It was a street renaming for the books (pink carpet, feather boas and all) on Sunday, October 5 as the Bensonhurst community convened at the corner of 77thStreet and 21st Avenue to remember Angelo “Chubby” Campanella, a local legend who traded in his army uniform for a Good Humor one to become ‘Chubby the Ice Cream Man.’
“Fuggedaboutit,” said Chubby’s daughter, Maria Campanella – also known as Maria the Ice Cream Girl – of an event she said absolutely flawless, down to the last detail. “It not only was a victory – that comes last – it’s prestige. I’m honored to have my father’s name hung high in the community. That pole tells a story, and that story is going to be there for a long time.”
That pole (now ‘Angelo ‘Chubby’ Campanella Way’), she said, was more than five years in the making.
“I was sweating it out,” his daughter explained of the protracted fight with city officials who told Maria – and local electeds advocating for the dedication – that Chubby wasn’t prominent or heroic enough to get a city street named after him.
“Everybody adored him,” said Maria of her father who died in May of 2009 at the age of 83. “He always tried to teach the right thing. He taught me the right thing, and this pole is going to remind others to do the right thing.”
Always taught never to give up, Maria the Ice Cream Girl fought City Hall and won.
“I worked at it because I knew that he deserved it,” she said of her father, a World War II veteran whose greatest achievement was the mark he left on his hometown.
“He saved lives,” Maria remembered, noting not one but three lives her father lent a hand in saving. The first, a newborn baby who had turned blue that Chubby “dropped everything and rushed to the hospital himself.” The second and third, a parent and a child he pulled from a smoking car that had crashed on his corner.
He did it all while serving up sweets from the family’s signature ride.
Today, the legend lives on through his daughter, who learned the tricks of the trade — one ice cream cone at a time – from her father, eventually taking over the family business. Today, Maria continues to sell ice cream along the route, despite growing competition. “My father was the one behind everything I did,” she said. “He encouraged me to do good, because he did good.”
The renaming drew crowds from Bay Ridge to Bensonhurst, with all of Brooklyn able to catch a glimpse of the airplane overhead, proudly displaying a banner with a message from Maria to her father.
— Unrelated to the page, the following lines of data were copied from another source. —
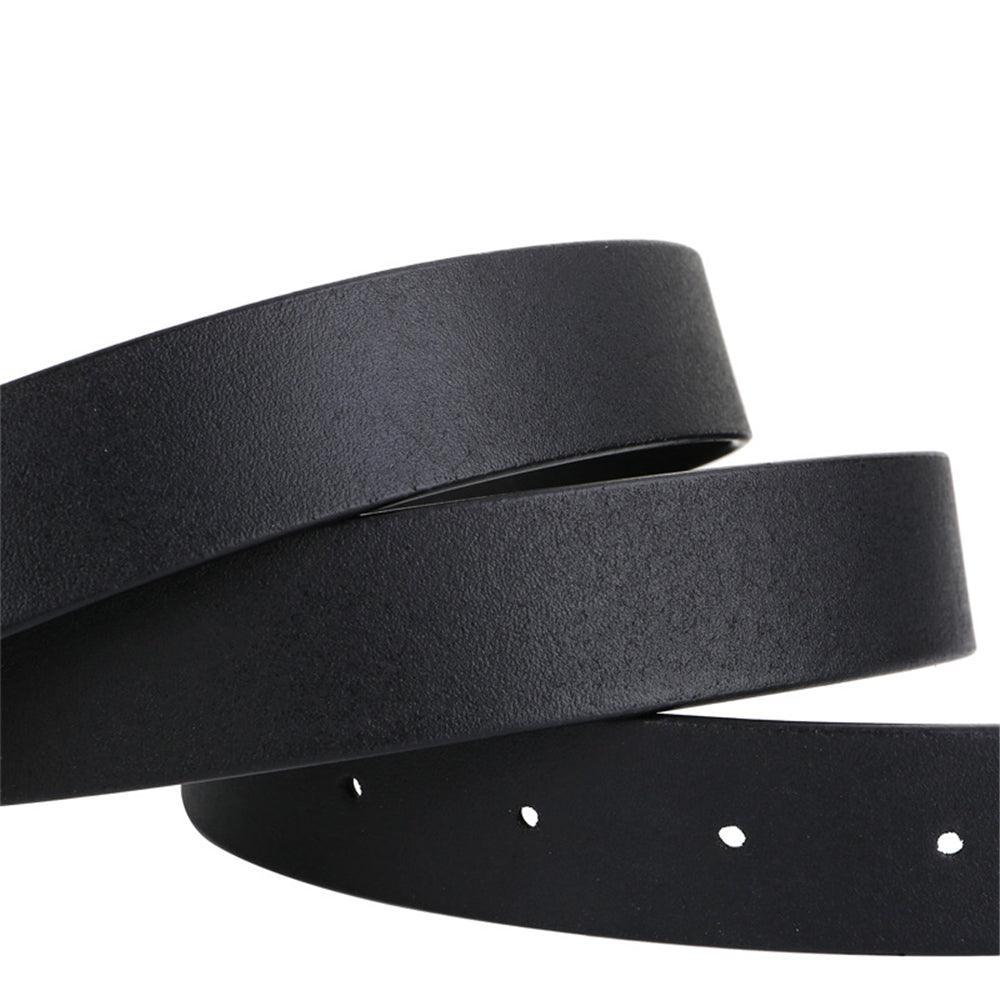 Belt Leather For Women Model Jaime by Zictor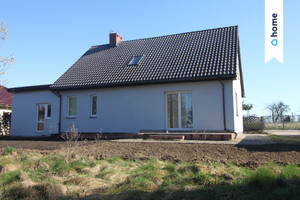 Dom na sprzedaż 200m2 Koszalin - zdjęcie 2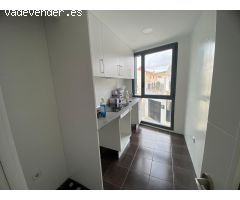 Pisos y Duplex en Esquivias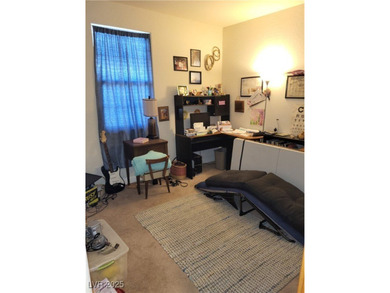 Huge price drop, seller needs to sell yesterday!!! Home located on Tuscany Golf Club in Nevada - for sale on GolfHomes.com, golf home, golf lot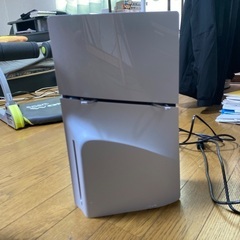 PS5 新品購入後1ヶ月の画像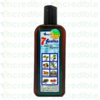 7 ACEITES - 250ML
“It was one of the most elaborate renamings I’ve ever been to,” raved Community Board 11 District Manager Marnee Elias-Pavia. “It was just wonderful.”
The afternoon affair also marked the 70th anniversary of his business, and raised funds to benefit Saint Jude’s Children’s Hospital.
“It’s kind of like a monument in the neighborhood,” said Maria of the pole, its sign just over one week old. “Just like he was, and still is.”